Director – David Lowery – 2021 – UK – Cert. 15 – 130m

***1/2

A retelling of the story of Sir Gawain and the Green Knight from Arthurian mythology – out in cinemas on Friday, September 24th

This immediately sets out its stall with a woman leading a horse out of a courtyard and Gawain (Dev Patel) being awoken by a bucket of water on Christmas Day thrown by his lover Essel (Alicia Vikander) in a building which may or may not be a brothel. He attends mass with her, then goes back to his mother (Sarita Choudhury) who is going to pass attending the King’s court this Christmas Day.

The colour blind casting here has the good sense to cast Gawain and his mother in a similar ethnicity, which is certainly consistent and avoids the problems it produced in The Personal History Of David Copperfield (Armando Ianucci, 2019).

Whatever expectations of straightforward narrative the unwary moviegoer might have had from watching the trailer have been dashed. Much of the rest of the film is similarly oblique. While there is a basic underlying structure of a quest, what happens in the course of that quest comprises serial events and incidents en route that seemingly bear scant relation to the quest itself. (I am reminded of the similarly meandering road movie Radio On, Chris Petit, 1979).

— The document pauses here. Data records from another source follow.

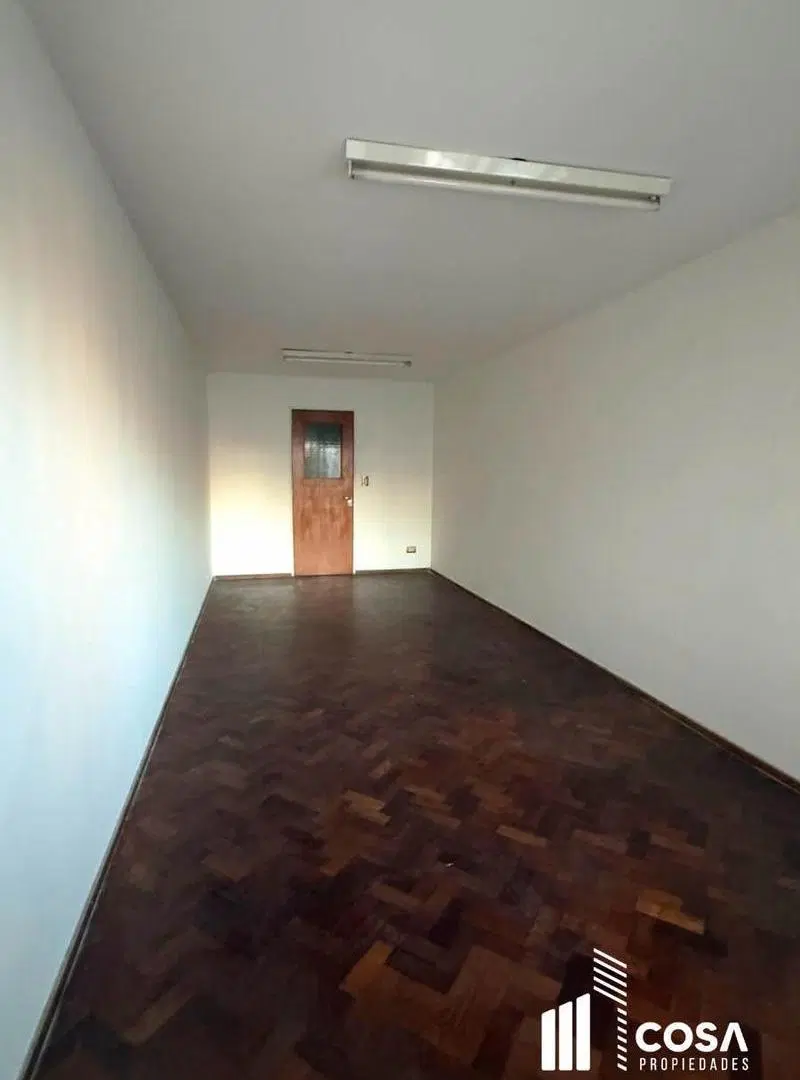 Venta Oficina excelente luz natural Centro Rosario Santa Fe 3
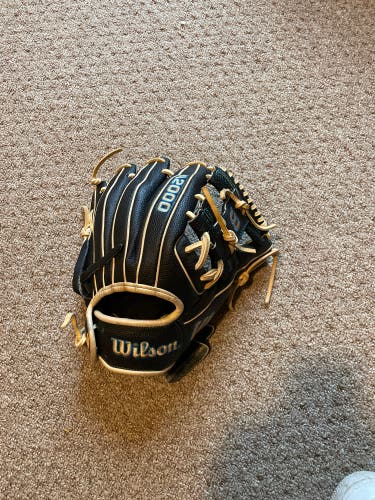 2021 Infield 11.5" A2000 Baseball Glove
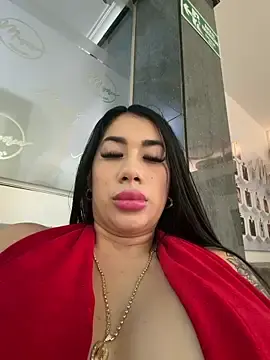 Stripchat Sex Cam of kiim_taaylor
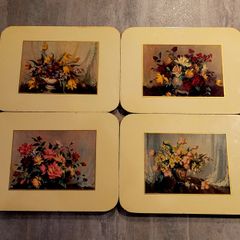 Vintage floral placemats x 8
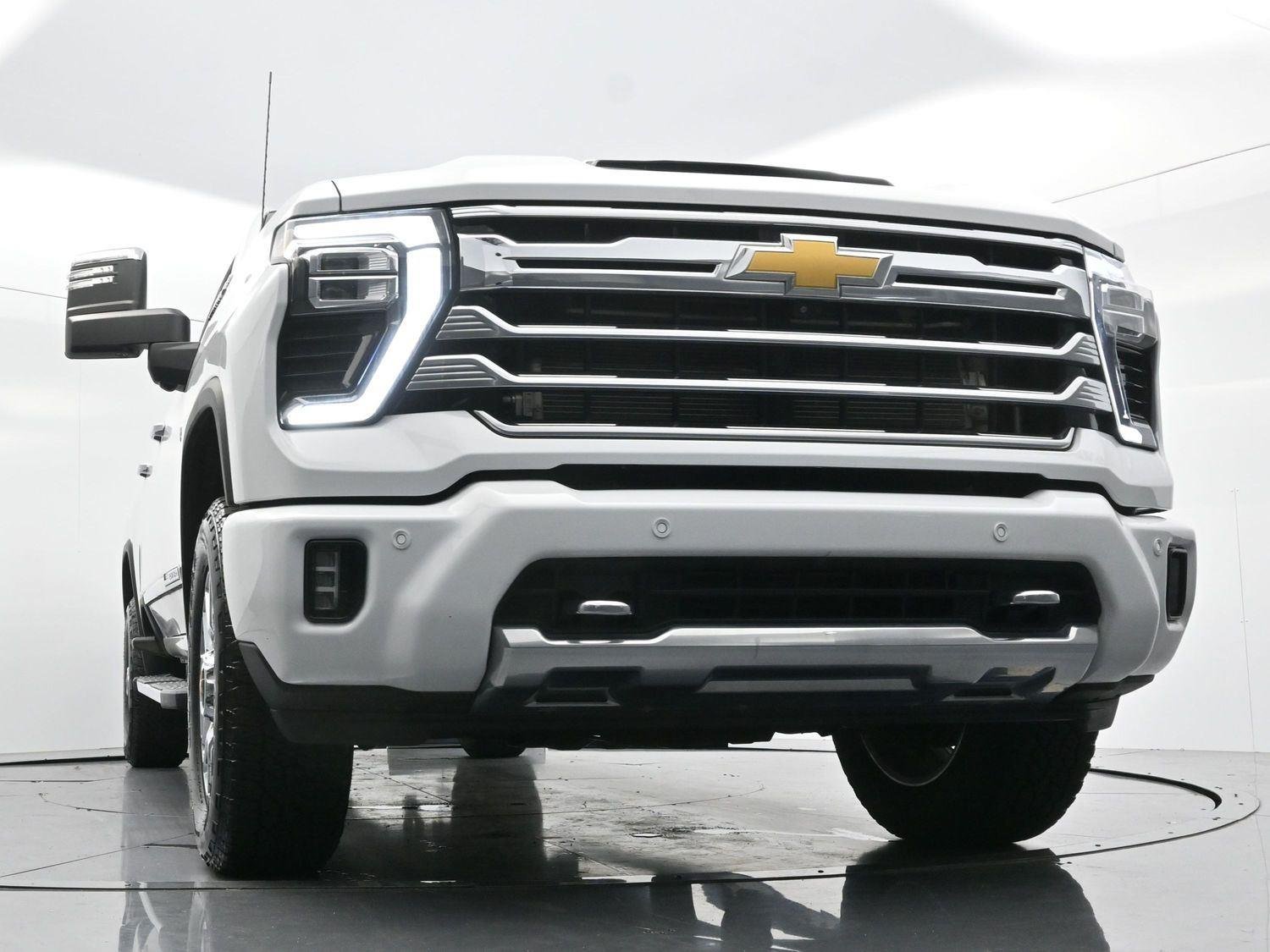 Used 2024 Summit White Chevrolet High Country image 37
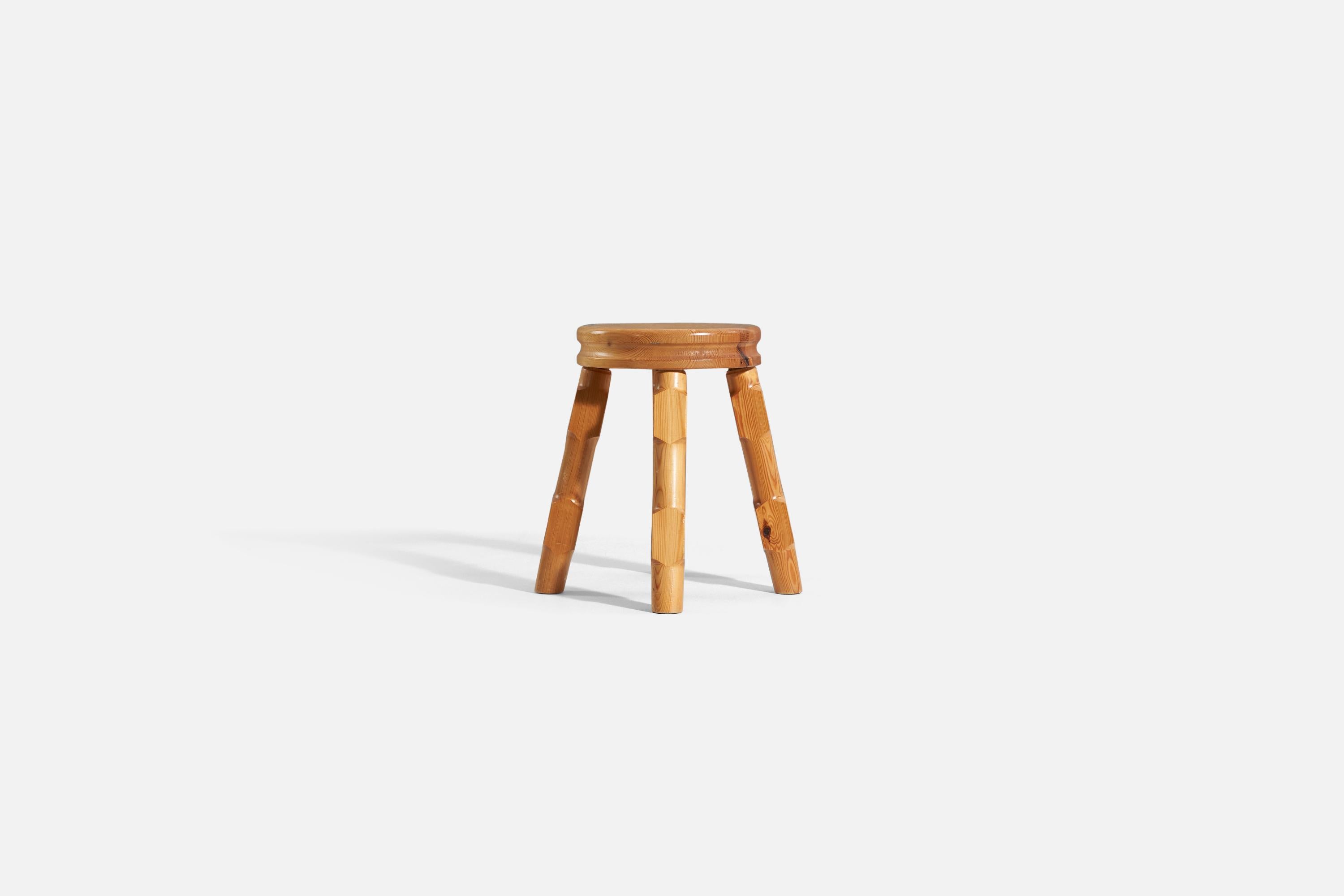 Swedish Designer, Stool, Pine, Sweden, 1983 In Good Condition For Sale In High Point, NC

It’s an adaptation of a 14th Century, Middle English chivalric romance written in poetic form. Gawain’s mother (his aunt, Morgan Le Fey in the original) is a witch; witchcraft, magic and enchantment all play a part in what follows. There are also fox spirits and seduction.

So, the basic quest plot, which kicks in on Christmas Day at the King’s court about five minutes into the film, concerns the arrival of the Green Knight (Ralph Ineson) who issues a challenge. A man must land a blow upon him, scratching his flesh or removing his head, on the condition that if this does not kill the Green Knight, then a year hence his opponent must journey several days North to the Green Chapel where the Green Knight will return the blow.

The enthusiastic Gawain takes up the challenge and beheads the Green Knight. Who promptly picks up his head and rides off, expecting to be visited by Gawain in a year’s time. So about a week before the following Christmas, Gawain sets out to find the Green Chapel and undergoes a series of bizarre adventures before finally keeping his appointment.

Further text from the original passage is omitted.